Kazim Ali Leaves an Important Message

I returned home after poetry class, arms loaded with backpack, purse, cell phone, and the mail I’d just snagged on the way up my steep and icy drive. Inside the kitchen, boots stomped off, I hit the blinking play button on my answering machine, all the while opening cupboards, looking for quick food.

A man’s voice streamed out of the machine, his base pitch, the clipped words, and I didn’t recognize any of it, but he was speaking to me about things he thought I should know, something about his mother's heart surgery and not to worry, she was doing fine, but there was more bad news…

At this point, I hit the play button to start over, and what I heard was this, “Hello Elizabeth, this is Kazim Ali, and I just wanted to let you know that my mother had surgery on her heart…”

He continued speaking, but all I could hear were the questions whizzing through my head. Kazim Ali, Kazim Ali, why is Kazim Ali calling me? How did he get my phone number? And why is he telling me about his mother?

The moment felt surreal. I thought about how my poetry class had recently studied Kazim Ali—how I had found much of his poetry abstruse. And yet, thereafter, my approach to writing felt cracked, as if Ali had given me permission to do something different, as if the way he granted status to individual words, and then collected them, arranged and rearranged them into objects, had revealed to me the experience of poetry. I began to think of words as having weight. I felt them relative to one another, and because of this I sensed I would never read or write in quite the same way.

Kazim Ali. Suddenly his name sounded like a mantra. Celestial guidance. Each word matters.

I suppose at this point I poured myself a glass of wine, pulled up a chair, and sat-down next to the machine. Now, I tenderly nudged the little red play button for the third time.

“Hello, this is Kazim Ali…”

Yup, it was him alright. He was telling me about his mother, and her heart surgery, and what was this? He had more bad news. Cousin Burl—drove to the store—felt sick—didn’t actually go into the store—instead Cousin Ettie did—she came out—found Burl slumped dead at the wheel.

Wait a minute, I knew these people, Ettie & Burl. How did Kazim Ali know them? Oh my God, poor Kazim, cause Burl had a way of making my sisters and me feel really twitchy. From childhood on we’d known him as the older husband of our older cousin—the guy with the leering grin and roaming hands who made redneck comments about anyone who wasn’t white, Republican, Protestant, and in love with mounds of bacon on a giant dinner plate. I felt really bad for Ettie, finding her husband like that.
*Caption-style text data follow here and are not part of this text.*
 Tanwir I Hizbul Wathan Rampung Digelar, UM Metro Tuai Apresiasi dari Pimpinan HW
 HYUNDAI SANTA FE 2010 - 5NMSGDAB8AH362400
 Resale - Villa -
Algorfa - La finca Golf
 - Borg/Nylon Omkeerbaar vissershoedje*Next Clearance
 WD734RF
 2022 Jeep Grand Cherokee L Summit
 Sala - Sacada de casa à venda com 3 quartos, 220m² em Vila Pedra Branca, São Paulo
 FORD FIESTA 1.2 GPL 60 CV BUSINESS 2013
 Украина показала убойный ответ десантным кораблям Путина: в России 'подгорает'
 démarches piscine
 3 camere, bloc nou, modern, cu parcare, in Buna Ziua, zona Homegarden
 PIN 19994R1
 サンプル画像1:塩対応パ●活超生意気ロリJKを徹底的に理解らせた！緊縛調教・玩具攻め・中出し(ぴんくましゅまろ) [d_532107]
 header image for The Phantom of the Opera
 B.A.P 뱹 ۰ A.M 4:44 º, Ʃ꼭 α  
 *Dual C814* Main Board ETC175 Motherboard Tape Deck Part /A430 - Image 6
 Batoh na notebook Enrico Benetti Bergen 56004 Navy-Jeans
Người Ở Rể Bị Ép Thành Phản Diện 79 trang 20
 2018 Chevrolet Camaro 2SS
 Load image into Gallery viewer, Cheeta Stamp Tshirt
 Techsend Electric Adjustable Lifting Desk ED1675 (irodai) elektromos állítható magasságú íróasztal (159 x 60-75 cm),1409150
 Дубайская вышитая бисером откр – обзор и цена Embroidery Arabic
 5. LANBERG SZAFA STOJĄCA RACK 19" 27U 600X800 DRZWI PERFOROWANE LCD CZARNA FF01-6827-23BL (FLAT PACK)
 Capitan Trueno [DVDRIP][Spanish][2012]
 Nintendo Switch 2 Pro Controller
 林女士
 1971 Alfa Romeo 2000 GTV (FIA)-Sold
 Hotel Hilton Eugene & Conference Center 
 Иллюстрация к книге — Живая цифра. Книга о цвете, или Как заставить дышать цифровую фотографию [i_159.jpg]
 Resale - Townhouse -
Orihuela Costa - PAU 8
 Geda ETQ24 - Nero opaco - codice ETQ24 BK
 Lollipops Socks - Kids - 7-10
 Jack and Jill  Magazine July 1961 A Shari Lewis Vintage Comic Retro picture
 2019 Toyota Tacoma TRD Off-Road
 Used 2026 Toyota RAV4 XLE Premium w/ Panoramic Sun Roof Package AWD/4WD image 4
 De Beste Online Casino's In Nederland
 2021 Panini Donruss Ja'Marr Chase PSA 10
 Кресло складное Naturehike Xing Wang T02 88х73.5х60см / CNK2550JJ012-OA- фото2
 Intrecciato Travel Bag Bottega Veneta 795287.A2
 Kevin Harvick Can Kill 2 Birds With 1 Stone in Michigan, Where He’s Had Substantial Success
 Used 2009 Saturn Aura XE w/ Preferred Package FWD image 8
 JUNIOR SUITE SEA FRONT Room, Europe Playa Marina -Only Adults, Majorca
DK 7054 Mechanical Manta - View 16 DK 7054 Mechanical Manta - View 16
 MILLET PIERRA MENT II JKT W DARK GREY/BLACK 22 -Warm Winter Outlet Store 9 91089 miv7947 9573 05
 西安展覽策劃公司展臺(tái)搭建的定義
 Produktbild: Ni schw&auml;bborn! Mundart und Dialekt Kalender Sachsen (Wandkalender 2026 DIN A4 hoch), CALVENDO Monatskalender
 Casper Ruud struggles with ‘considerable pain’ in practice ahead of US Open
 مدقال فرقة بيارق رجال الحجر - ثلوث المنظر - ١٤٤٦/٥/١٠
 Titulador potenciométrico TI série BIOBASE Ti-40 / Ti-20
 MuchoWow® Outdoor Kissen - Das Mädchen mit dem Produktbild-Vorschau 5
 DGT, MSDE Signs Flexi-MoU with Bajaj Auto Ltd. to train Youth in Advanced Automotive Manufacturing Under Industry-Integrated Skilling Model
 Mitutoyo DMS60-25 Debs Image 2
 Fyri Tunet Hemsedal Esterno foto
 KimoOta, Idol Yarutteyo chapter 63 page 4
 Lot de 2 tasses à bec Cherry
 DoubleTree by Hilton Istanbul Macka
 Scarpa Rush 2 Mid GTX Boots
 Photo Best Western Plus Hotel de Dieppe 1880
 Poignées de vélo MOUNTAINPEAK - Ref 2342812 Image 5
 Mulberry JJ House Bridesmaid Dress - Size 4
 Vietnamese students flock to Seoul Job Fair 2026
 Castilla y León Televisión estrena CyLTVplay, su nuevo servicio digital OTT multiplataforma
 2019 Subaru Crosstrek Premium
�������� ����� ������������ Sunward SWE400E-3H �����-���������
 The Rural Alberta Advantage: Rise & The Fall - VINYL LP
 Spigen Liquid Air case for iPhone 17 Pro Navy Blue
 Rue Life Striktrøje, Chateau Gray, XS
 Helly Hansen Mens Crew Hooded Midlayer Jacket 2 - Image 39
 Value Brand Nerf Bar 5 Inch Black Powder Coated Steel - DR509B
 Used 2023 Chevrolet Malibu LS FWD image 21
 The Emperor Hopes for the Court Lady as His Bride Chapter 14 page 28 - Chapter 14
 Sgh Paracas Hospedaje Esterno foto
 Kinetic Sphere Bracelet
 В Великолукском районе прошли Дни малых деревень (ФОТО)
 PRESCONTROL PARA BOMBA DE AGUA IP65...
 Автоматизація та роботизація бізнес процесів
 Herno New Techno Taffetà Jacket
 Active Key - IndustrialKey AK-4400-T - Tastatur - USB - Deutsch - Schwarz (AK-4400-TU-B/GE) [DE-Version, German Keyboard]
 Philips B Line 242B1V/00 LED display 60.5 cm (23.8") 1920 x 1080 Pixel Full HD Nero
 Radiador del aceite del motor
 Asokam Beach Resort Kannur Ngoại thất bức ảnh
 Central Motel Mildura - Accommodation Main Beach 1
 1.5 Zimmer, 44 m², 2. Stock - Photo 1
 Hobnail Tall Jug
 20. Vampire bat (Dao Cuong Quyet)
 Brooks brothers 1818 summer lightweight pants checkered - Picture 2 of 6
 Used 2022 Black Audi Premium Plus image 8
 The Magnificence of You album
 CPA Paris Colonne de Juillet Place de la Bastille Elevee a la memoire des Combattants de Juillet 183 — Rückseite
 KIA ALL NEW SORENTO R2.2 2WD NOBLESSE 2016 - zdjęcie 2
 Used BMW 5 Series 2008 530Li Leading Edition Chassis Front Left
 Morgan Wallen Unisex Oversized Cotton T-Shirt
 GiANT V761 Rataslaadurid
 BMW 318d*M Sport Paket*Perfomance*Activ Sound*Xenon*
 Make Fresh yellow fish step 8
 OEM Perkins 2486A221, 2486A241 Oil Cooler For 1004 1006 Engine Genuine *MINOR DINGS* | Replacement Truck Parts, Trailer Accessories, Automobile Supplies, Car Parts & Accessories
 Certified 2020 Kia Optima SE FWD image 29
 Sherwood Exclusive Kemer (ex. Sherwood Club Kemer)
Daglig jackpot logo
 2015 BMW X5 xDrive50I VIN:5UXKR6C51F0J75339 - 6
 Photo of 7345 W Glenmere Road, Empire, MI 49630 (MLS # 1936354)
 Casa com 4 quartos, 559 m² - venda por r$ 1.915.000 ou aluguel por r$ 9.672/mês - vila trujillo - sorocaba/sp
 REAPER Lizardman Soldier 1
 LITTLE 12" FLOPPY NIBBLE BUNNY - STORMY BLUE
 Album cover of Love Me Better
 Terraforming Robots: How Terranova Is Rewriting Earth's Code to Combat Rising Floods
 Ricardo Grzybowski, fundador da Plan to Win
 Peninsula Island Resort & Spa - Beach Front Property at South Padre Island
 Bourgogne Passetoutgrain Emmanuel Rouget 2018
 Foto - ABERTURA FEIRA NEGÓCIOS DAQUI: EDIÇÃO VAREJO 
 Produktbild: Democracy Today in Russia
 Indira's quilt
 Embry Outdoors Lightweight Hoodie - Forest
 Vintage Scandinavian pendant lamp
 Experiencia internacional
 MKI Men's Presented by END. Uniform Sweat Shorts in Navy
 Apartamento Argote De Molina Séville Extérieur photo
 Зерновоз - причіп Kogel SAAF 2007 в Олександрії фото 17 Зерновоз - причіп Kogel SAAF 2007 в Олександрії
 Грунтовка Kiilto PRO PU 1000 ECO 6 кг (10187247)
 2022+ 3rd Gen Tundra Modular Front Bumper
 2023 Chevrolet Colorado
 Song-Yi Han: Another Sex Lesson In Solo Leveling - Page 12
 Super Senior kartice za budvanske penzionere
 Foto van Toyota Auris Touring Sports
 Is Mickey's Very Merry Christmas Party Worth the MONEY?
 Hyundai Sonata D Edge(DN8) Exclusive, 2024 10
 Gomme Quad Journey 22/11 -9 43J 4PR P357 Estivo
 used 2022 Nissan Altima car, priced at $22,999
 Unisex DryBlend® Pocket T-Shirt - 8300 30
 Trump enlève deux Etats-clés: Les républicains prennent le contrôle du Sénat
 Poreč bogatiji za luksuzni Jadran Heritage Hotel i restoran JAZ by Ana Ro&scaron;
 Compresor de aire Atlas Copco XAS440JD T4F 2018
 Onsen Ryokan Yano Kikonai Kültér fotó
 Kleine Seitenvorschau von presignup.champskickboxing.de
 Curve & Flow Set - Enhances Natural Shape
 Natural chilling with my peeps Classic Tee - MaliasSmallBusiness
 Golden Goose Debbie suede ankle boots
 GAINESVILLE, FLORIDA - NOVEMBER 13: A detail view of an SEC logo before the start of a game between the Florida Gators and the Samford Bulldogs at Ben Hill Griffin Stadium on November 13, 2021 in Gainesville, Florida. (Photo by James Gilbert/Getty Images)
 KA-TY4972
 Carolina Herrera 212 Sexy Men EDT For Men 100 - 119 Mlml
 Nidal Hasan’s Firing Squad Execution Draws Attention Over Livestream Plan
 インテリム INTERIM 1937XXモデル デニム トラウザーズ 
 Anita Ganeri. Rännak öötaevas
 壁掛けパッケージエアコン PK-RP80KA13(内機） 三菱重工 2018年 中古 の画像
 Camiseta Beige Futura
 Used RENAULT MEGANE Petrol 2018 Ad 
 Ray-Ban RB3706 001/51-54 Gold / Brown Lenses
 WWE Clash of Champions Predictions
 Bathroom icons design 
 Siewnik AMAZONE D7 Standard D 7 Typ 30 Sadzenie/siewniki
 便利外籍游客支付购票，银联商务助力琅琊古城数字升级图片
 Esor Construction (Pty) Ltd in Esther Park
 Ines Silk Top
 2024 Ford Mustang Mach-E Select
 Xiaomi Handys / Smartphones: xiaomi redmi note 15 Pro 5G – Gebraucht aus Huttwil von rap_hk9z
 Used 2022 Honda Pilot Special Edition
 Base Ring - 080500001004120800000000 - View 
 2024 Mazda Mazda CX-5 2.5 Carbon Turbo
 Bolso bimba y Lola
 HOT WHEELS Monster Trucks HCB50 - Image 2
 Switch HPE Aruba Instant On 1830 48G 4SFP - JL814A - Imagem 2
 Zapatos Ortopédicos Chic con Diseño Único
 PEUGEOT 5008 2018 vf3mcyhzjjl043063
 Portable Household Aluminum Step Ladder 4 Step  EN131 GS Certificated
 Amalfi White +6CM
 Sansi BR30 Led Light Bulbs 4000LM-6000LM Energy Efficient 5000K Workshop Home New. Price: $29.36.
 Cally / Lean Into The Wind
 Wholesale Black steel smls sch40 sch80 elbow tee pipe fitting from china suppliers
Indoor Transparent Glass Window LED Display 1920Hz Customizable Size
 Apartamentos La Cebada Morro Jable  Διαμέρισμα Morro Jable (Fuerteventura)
But for Burl, I just hoped he was in the part of Heaven with all the Denny’s.

It was in the swirl of Burl that I began to release the idea of Kazim Ali, and as dawning always happens, abruptly, I knew a famous poet could not have left this message. It was from someone else, but who?

I hit the play button one last time, and now the mental image of a middle-aged man, drawn from another day counting numbers in some corporate office, speaking as efficiently as possible so as to say many words in the shortest period of time.

“Hello Elizabeth, this is Cousin Lee…”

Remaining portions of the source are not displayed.